▸ Brief
Could you transcribe each record below exactly as written, setting the pictures aside?

▸ Image-caption web data
--
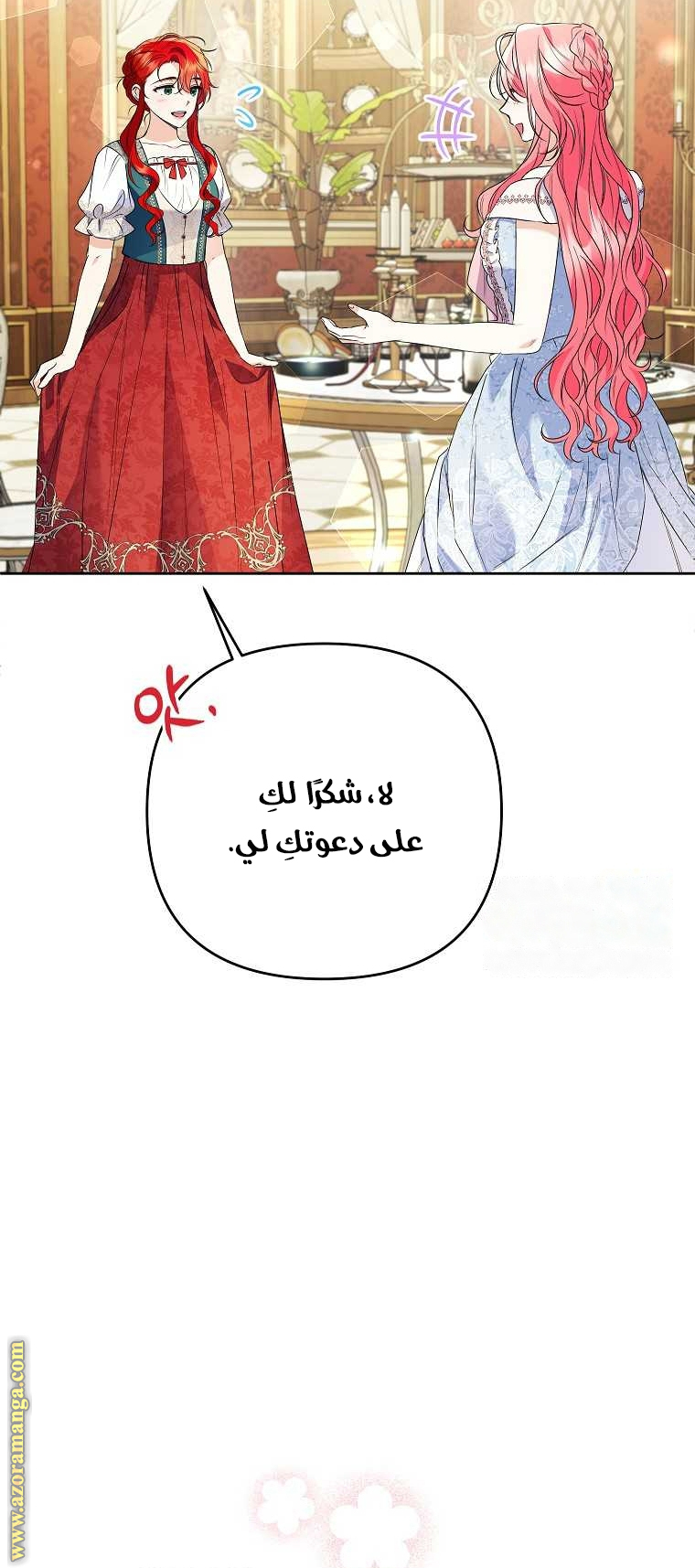 I Thought You Were A Time-Limited Husband الفصل 38 صفحة 18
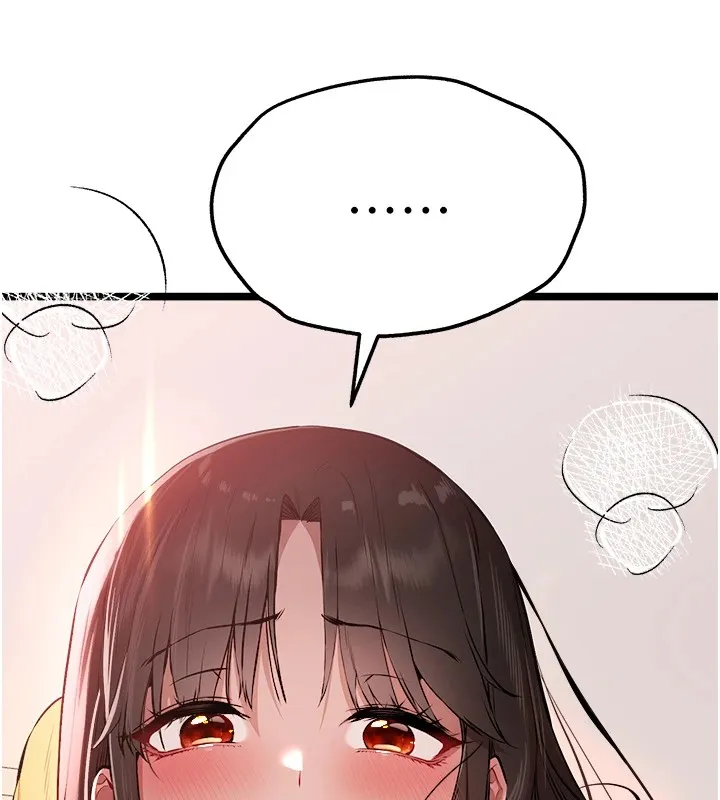 初次深交，请多指教 - 第83話-努力滿足女友們 - page 7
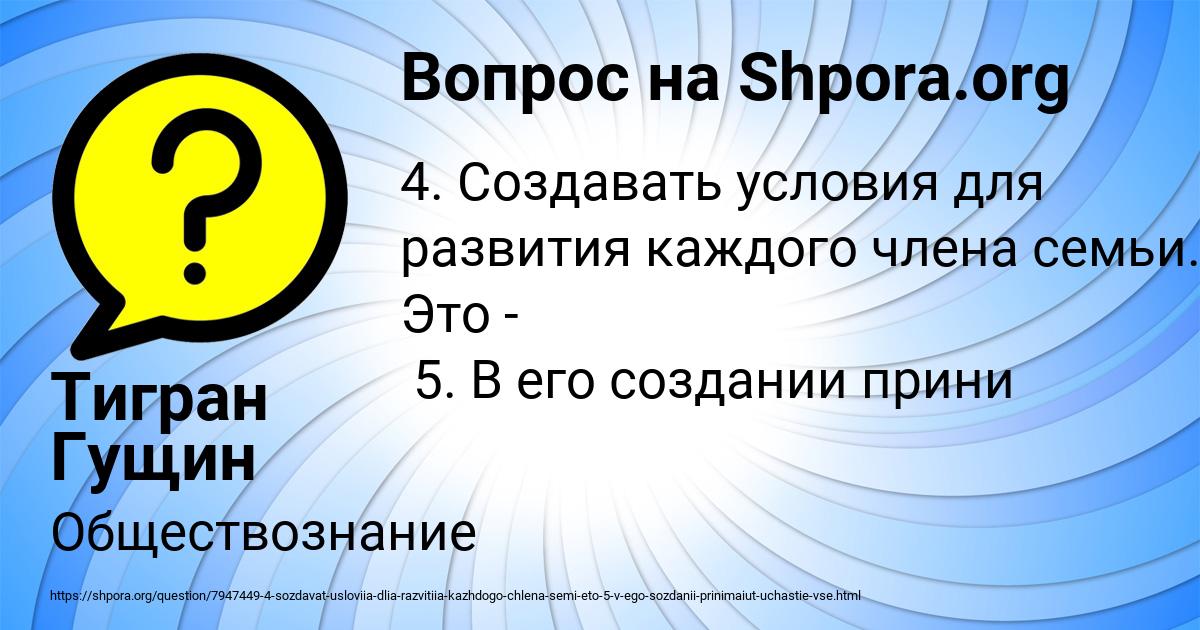 Картинка с текстом вопроса от пользователя Тигран Гущин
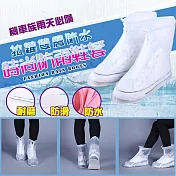 DF生活館-時尚透明加厚版超耐磨防滑防雨鞋套S透明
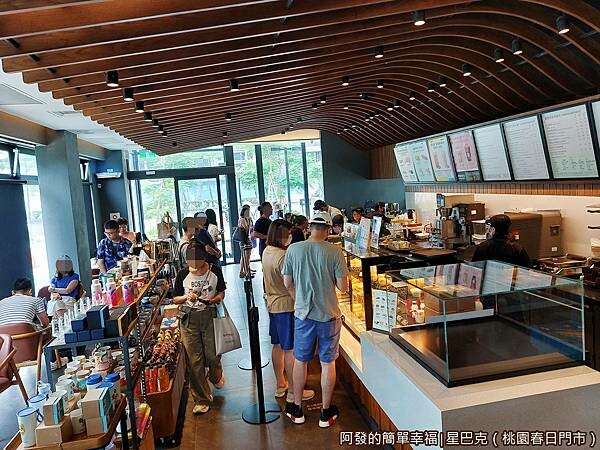 星巴克春日門市07-1樓環境.jpg 星巴克春日門市07-1樓環境.jpg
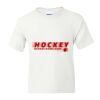DryBlend Youth 50/50 T-Shirt Gildan Thumbnail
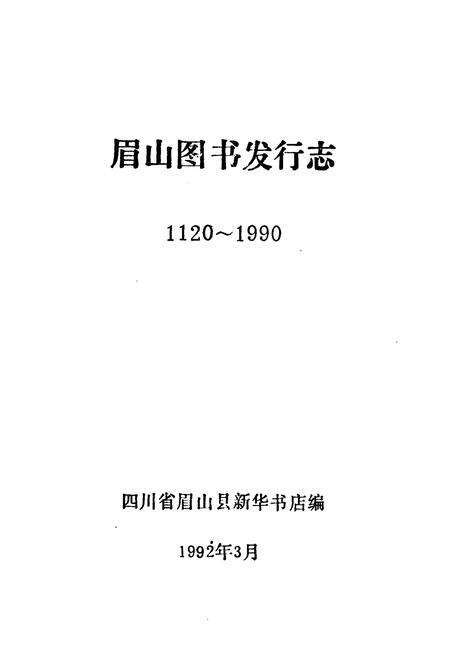 《眉山图书发行志(1120~1990)》.pdf电子版_四川省志预览图1
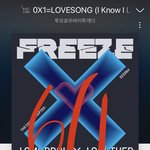 [TXT] 553도 이용자수 딸렸는데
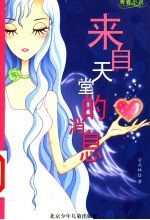 来自天堂的消息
--
▸ Written reply
 I Thought You Were A Time-Limited Husband الفصل 38 صفحة 18
 初次深交，请多指教 - 第83話-努力滿足女友們 - page 7
 Картинка с текстом вопроса от пользователя Тигран Гущин
 DF生活館-時尚透明加厚版超耐磨防滑防雨鞋套S透明
 星巴克春日門市07-1樓環境.jpg 星巴克春日門市07-1樓環境.jpg
DryBlend Youth 50/50 T-Shirt Gildan Thumbnail
 《眉山图书发行志(1120~1990)》.pdf电子版_四川省志预览图1
 [TXT] 553도 이용자수 딸렸는데
 来自天堂的消息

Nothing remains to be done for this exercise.